> WHAT IS NEEDED:
Of the entries below, return only those lines from the line with "TikTok створює спільне" to the line with "ASSC Hokkaido Tee Sangria", exactly, both included.

⁂

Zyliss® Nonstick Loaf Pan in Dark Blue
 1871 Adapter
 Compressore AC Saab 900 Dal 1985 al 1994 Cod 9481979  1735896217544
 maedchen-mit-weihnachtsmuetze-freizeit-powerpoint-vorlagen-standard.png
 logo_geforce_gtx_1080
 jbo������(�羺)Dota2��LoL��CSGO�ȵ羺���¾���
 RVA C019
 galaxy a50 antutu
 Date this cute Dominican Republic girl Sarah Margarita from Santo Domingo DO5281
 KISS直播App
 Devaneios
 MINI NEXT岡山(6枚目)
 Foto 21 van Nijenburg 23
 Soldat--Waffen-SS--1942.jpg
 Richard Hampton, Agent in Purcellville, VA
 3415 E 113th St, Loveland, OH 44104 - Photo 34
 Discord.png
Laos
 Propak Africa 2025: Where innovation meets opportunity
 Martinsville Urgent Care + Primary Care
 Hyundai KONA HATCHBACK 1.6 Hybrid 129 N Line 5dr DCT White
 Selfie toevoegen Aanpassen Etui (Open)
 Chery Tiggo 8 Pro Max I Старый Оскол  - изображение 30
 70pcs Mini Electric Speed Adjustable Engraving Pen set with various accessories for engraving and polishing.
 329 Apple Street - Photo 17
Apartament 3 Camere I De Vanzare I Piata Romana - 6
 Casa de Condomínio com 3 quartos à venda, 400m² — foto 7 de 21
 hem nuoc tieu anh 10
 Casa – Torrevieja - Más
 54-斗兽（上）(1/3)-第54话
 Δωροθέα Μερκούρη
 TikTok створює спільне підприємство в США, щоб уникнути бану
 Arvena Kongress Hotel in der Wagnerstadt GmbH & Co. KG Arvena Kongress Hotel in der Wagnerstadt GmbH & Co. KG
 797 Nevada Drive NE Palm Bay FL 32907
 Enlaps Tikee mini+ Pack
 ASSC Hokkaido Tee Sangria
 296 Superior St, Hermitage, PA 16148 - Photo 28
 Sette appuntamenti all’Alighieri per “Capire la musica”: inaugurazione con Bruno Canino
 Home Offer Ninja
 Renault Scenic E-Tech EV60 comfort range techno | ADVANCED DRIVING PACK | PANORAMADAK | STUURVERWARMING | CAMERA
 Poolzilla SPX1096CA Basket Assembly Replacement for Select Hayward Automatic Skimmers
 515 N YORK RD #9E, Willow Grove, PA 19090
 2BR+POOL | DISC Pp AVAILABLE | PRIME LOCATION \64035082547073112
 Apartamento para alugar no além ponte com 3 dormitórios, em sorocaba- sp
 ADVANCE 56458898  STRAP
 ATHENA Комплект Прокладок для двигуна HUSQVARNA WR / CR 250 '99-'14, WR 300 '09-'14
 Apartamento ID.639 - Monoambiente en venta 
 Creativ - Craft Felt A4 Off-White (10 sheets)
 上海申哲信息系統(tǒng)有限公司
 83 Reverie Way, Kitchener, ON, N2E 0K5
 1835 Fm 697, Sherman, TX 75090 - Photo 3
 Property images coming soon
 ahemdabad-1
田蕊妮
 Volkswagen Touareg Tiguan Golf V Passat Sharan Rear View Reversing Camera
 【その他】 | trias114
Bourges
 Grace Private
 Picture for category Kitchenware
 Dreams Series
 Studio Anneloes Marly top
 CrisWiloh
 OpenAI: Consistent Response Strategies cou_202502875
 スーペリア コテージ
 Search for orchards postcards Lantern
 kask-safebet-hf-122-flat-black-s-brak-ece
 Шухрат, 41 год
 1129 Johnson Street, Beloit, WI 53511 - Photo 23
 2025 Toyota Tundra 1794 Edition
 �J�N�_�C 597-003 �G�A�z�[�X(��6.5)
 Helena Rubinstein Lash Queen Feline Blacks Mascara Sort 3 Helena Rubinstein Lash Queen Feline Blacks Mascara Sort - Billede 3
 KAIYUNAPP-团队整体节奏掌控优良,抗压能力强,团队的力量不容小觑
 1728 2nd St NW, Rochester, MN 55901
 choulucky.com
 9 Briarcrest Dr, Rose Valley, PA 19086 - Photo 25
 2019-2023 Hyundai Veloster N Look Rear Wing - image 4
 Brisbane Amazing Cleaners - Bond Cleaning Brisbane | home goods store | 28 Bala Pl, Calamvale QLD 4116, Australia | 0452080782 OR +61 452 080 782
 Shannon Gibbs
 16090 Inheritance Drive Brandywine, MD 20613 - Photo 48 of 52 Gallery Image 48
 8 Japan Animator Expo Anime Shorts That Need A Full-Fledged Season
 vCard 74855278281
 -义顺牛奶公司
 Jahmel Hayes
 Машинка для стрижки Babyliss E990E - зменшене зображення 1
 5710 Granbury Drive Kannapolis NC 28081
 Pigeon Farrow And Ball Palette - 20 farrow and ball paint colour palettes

⁂

> EXERCISE RESPONSE:
 TikTok створює спільне підприємство в США, щоб уникнути бану
 Arvena Kongress Hotel in der Wagnerstadt GmbH & Co. KG Arvena Kongress Hotel in der Wagnerstadt GmbH & Co. KG
 797 Nevada Drive NE Palm Bay FL 32907
 Enlaps Tikee mini+ Pack
 ASSC Hokkaido Tee Sangria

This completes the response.